Dalam dinamika perjuangannya, ide khilafah internasional ini pertama kali diperankan oleh jamaah Ikhwanul Muslimin yang didirikan di Mesir pada tahun 1928, dan selanjutnya banyak dimainkan oleh jamaah Hizbut Tahrir yang didirikan di Jerusalem Timur tahun 1952. Dan baru-baru ini juga digaungkan oleh Islamic State of Iraq and Sham (ISIS) di Irak dan Syiria.


Khilafah Dalam Kacamata NU


Di Indonesia, benih ide khilafah sudah ada sejak awal kemerdekaan tahun 1945, baik yang bersifat konstitusional, seperti Majelis Konstituante, atau bersifat militer, seperti dalam kasus DI/TII, yang berusaha mendirikan negara Islam dan menolak Pancasila. Era reformasi tahun 1998 yang memberikan ruang kebebasan publik, menjadikan isu khilafah di Indonesia kian vulgar dan menemukan momentumnya. Pembicaraan-pembicaraan yang mewacanakan isu khilafah semakin intens dan terbuka dikampanyekan, baik lewat opini-opini pemikiran maupun gerakan nyata. Seperti mewacanakan Islam sebagai solusi dan edeologi alternatif mengusahakan bentuk pemerintahan Negara Indonesia dari Negara kesatuan berformat republik menjadi khilafah, berikut konstituisi Negara sejak dari Undang-Undang Dasar 1945 dan hukum positif diangkat dari syari’ah Islamiyah seutuhnya.

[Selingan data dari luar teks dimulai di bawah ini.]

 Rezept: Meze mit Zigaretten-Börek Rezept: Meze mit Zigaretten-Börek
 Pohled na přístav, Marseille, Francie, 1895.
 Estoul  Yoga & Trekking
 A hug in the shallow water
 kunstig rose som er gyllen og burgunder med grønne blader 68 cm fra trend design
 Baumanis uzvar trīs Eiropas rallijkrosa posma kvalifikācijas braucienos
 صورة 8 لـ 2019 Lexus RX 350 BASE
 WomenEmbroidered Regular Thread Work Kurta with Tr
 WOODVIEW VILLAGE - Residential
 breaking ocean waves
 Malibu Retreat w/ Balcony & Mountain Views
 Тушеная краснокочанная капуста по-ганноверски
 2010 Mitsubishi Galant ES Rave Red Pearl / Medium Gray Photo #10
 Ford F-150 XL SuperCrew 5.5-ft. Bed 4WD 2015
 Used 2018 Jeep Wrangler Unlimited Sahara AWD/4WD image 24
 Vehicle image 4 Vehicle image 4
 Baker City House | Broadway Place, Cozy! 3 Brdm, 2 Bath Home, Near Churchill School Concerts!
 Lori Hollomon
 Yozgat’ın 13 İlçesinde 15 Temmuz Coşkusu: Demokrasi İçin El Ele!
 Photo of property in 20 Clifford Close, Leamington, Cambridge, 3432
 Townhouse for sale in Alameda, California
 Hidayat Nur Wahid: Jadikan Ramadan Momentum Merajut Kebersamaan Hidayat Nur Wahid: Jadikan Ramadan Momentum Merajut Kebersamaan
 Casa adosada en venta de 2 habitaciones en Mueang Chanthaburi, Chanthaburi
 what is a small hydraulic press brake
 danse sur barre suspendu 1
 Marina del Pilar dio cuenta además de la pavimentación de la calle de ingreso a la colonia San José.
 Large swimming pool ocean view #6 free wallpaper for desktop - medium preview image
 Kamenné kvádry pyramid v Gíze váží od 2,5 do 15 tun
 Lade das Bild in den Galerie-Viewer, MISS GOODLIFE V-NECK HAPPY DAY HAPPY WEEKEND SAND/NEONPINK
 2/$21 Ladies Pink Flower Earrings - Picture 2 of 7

Dari gamabaran tersebut, maka NU dalam Musyawarah Nasional Alim Ulama yang diadakan pada tanggal 1-2 nopember 2104 memutuskan beberapa poin penting sehubungan dengan khilafah yaitu:

1. Islam sebagai agama yang komprehensif (din syamil kamil) tidak mungkin melewatkan masalah negara dan pemerintahan dari agenda pembahasannya. Kendati tidak dalam konsep utuh, namun dalam bentuk nilai-nilai dan prinsip-prinsip dasar (mabadi` asasiyyah). Islam telah memberikan panduan (guidance) yang cukup bagi umatnya.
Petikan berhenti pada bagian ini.